I have been reading the political-thriller novels of David Baldacci lately. His novels are very good and very intriguing, and they are also generally very accurate. Having said that, I want to point out that I am not writing this post to point out any mistake he made from a technical level (I have found a couple of small errors, but nothing really big at all).
What I wanted to point out actually exists in many modern-day thriller novels. Most (if not all) of these novels have a small character in them that I like to call the "Ubergeek" (I didn’t make up the term - it just fits). One of Baldacci’s first novels is called Total Control, and it is no exception to this rule. One of the main characters receives a disk (this was 1997, so no USB), and she needs to read the information on it. She doesn’t want to use her computer at home since she is fairly sure someone has put some kind of spyware / keylogger software on it (the author never used those terms - not even sure those terms existed then). She was a lawyer working for a large law firm, so she naturally called up the law firm’s computer expert (Ubergeek).
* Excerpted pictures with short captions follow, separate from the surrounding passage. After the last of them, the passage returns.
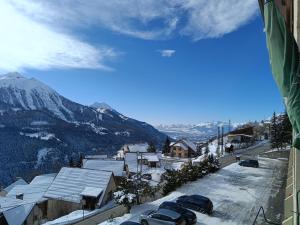 Vue générale sur la montagne ou vue sur la montagne depuis l'appartement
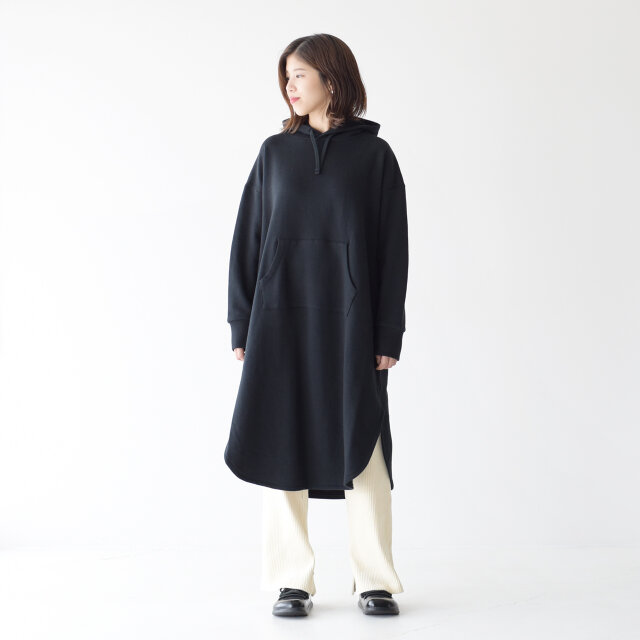 モデル:157cm / 47kg
color : black / size : M(フリーサイズ)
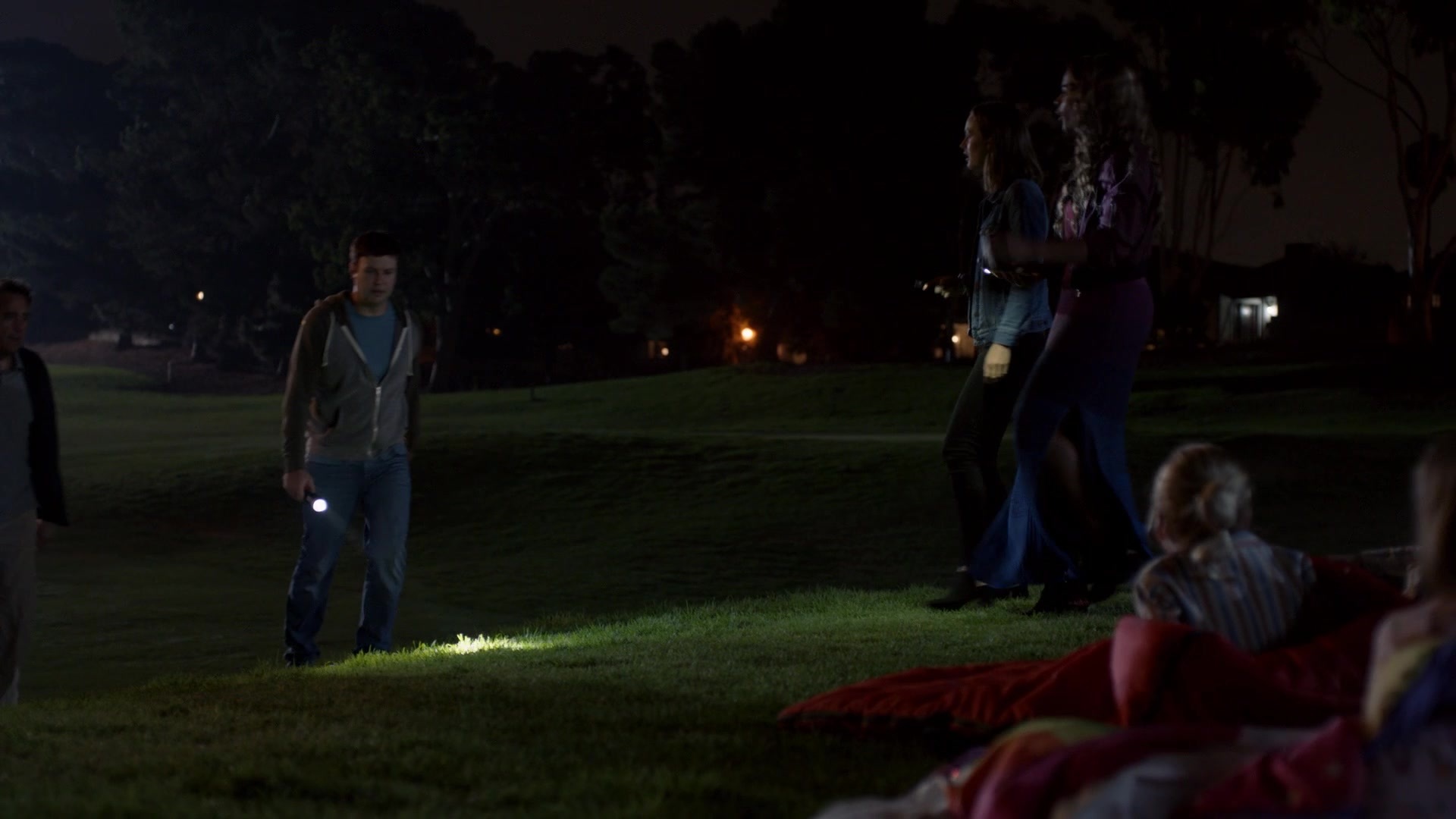 SingleParents1x02-2165.jpg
Believe me when I say that this guy was a bona fide Ubergeek! He knew every answer to every question this lady could ask. And when he plugged in the disk she was trying to access and found that it is was encrypted, this guys had the tools to launch a brute force attack on it as well as the experience to ask her a bunch of personal questions and try variations of that information as passwords. The when he couldn’t break it, he figured the guy had used a randomized password with over 14 characters. This guy rocked! At least Baldacci was honest enough (or it just fit his plot line better) not to have this guy capable of anything, including breaking the encryption with his willpower alone. Too many novels do that.
I love this Ubergeek character in novels for a few reasons:
- It signifies how much technology is needed in today’s world when someone has to create such a character to give realism to a novel set in today’s times
- The character usually shines in one of the chapters (in a scene such as mentioned above), so that gives a geek like me a convenient place to break down how thorough the author’s technical research was and how much (s)he actually understands it (Baldacci generally does a pretty good job)
- I love to see general terms like "firewall" thrown about to impress the average reader
- I love to laugh when the "expert" gets it wrong because it gives me a wonderful feeling of superiority
I do have a couple of problems with the Ubergeek in Total Control. I questioned his expertise when I found out the guy used AOL. No true geek would do that, even in 1997. And he was using a phone line?? A true geek would have had ISDN at least!